Exercise description:
Output exactly the lines below from the one containing "O site campeira.com é confiável?" to the last line, both included. Omit pictures.

Exercise data:
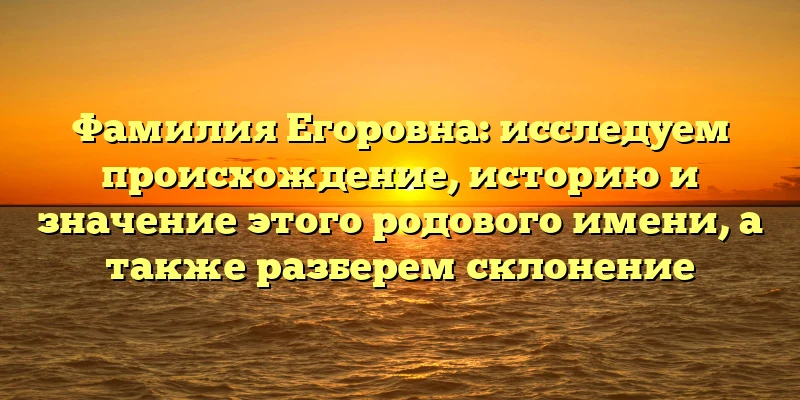 Фамилия Егоровна: исследуем происхождение, историю и значение этого родового имени, а также разберем склонение Фамилия Егоровна: исследуем происхождение, историю и значение этого родового имени, а также разберем склонение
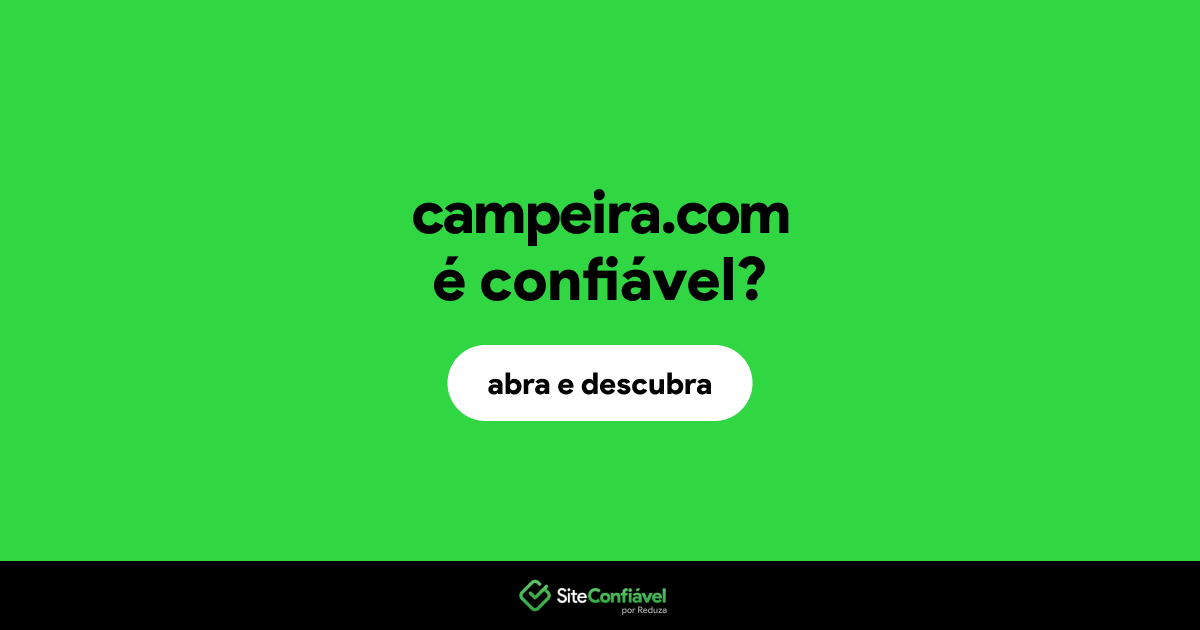 O site campeira.com é confiável?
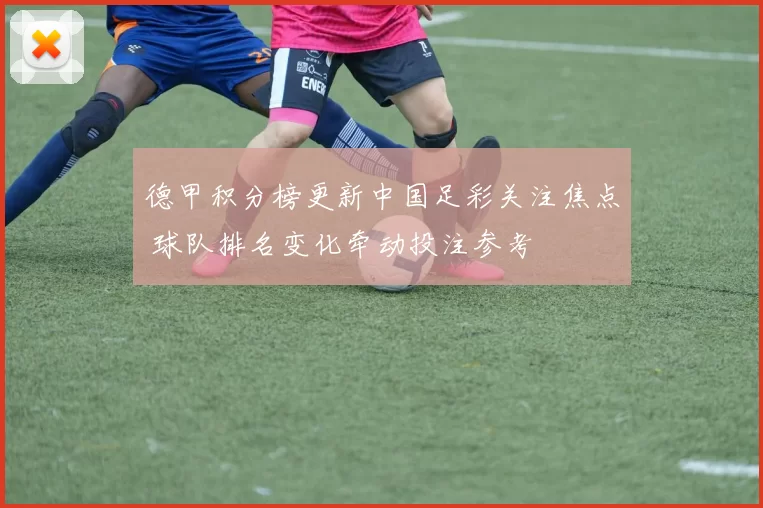 德甲积分榜更新中国足彩关注焦点 球队排名变化牵动投注参考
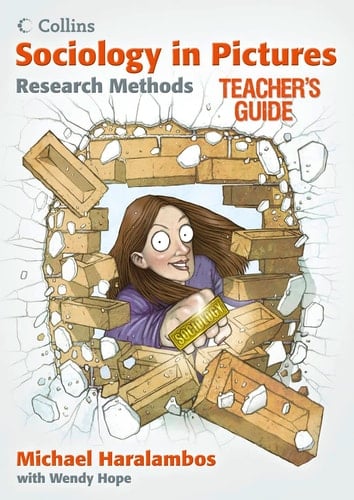 Research Methods: Teacher's Guide (Sociology in Pictures)
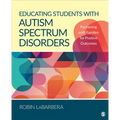 Educating Students with Autism Spectrum Disorders: Partnering with Families for Positive Outcomes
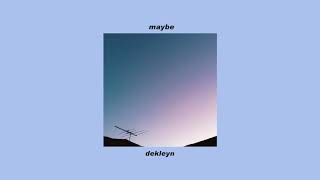dekleyn - maybe (audio)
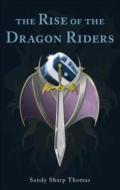 The Rise of the Dragon Riders di Sandy Sharp Thomas edito da Tate Publishing & Enterprises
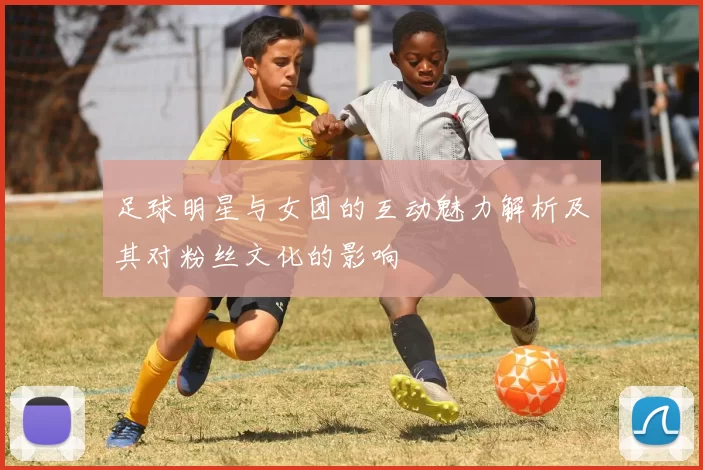 足球明星与女团的互动魅力解析及其对粉丝文化的影响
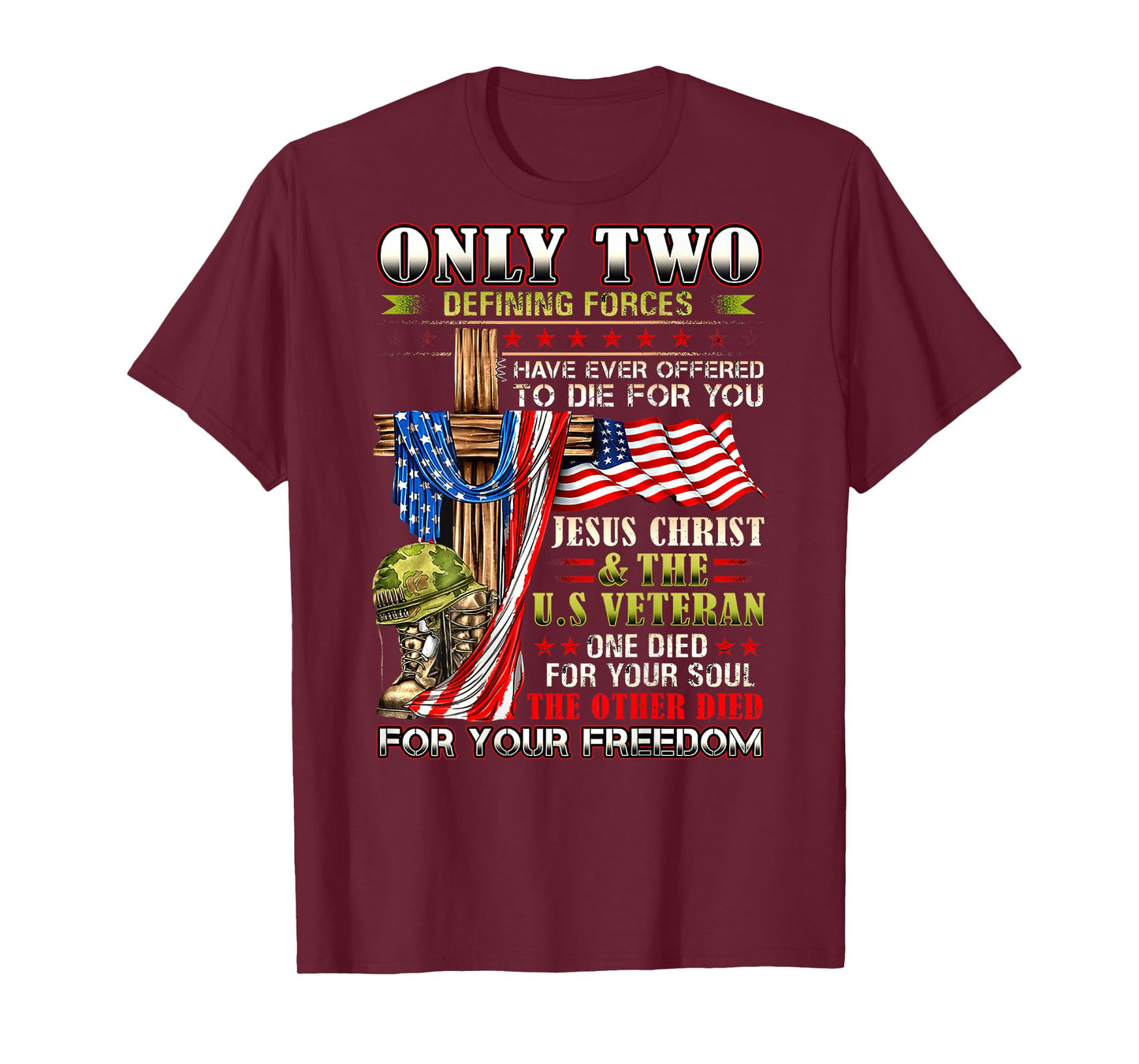 Only Two defining forces have ever offered to die for you T-Shirt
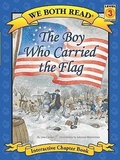 Cover: We Both Read-The Boy Who Carried the Flag (Pb) - Treasure Bay
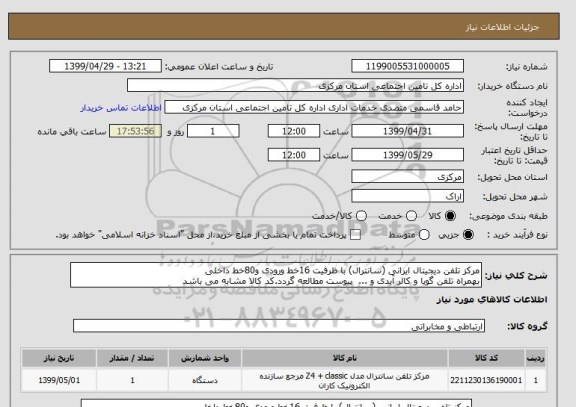 استعلام مرکز تلفن دیجیتال ایرانی (سانترال) با ظرفیت 16خط ورودی و80خط داخلی  
بهمراه تلفن گویا و کالر آیدی و ...  پیوست مطالعه گردد.کد کالا مشابه می باشد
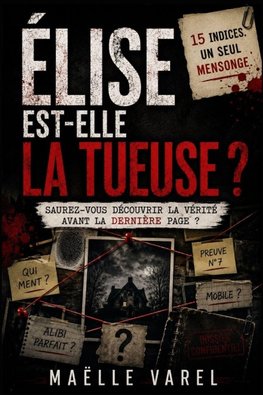 Élise est-elle la tueuse ?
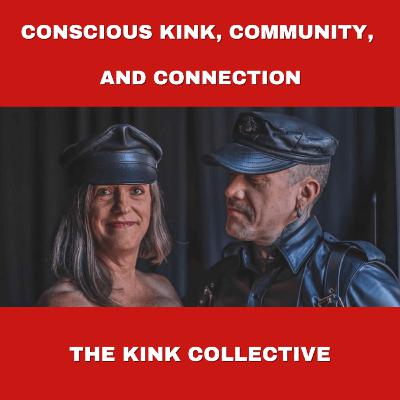 Conscious Kink, Community, and Connection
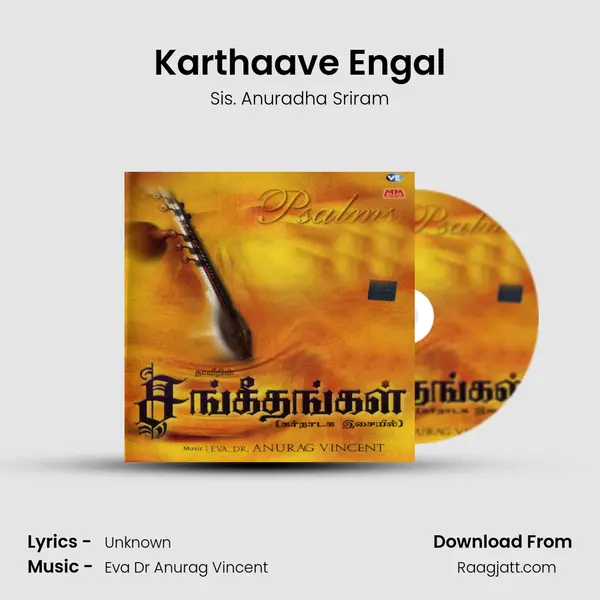 Karthaave Engal - Sis. Anuradha Sriram album cover 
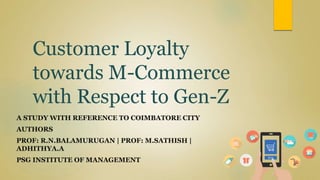 Customer Loyalty
towards M-Commerce
with Respect to Gen-Z
A STUDY WITH REFERENCE TO COIMBATORE CITY
AUTHORS
PROF: R.N.BALAMURUGAN | PROF: M.SATHISH |
ADHITHYA.A
PSG INSTITUTE OF MANAGEMENT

Answer below:
 O site campeira.com é confiável?
 德甲积分榜更新中国足彩关注焦点 球队排名变化牵动投注参考
 Research Methods: Teacher's Guide (Sociology in Pictures)
 Educating Students with Autism Spectrum Disorders: Partnering with Families for Positive Outcomes
dekleyn - maybe (audio)
 The Rise of the Dragon Riders di Sandy Sharp Thomas edito da Tate Publishing & Enterprises
 足球明星与女团的互动魅力解析及其对粉丝文化的影响
 Only Two defining forces have ever offered to die for you T-Shirt
 Cover: We Both Read-The Boy Who Carried the Flag (Pb) - Treasure Bay
 استعلام مرکز تلفن دیجیتال ایرانی (سانترال) با ظرفیت 16خط ورودی و80خط داخلی  
بهمراه تلفن گویا و کالر آیدی و ...  پیوست مطالعه گردد.کد کالا مشابه می باشد
 Élise est-elle la tueuse ?
 Conscious Kink, Community, and Connection
 Karthaave Engal - Sis. Anuradha Sriram album cover 
 Customer Loyalty
towards M-Commerce
with Respect to Gen-Z
A STUDY WITH REFERENCE TO COIMBATORE CITY
AUTHORS
PROF: R.N.BALAMURUGAN | PROF: M.SATHISH |
ADHITHYA.A
PSG INSTITUTE OF MANAGEMENT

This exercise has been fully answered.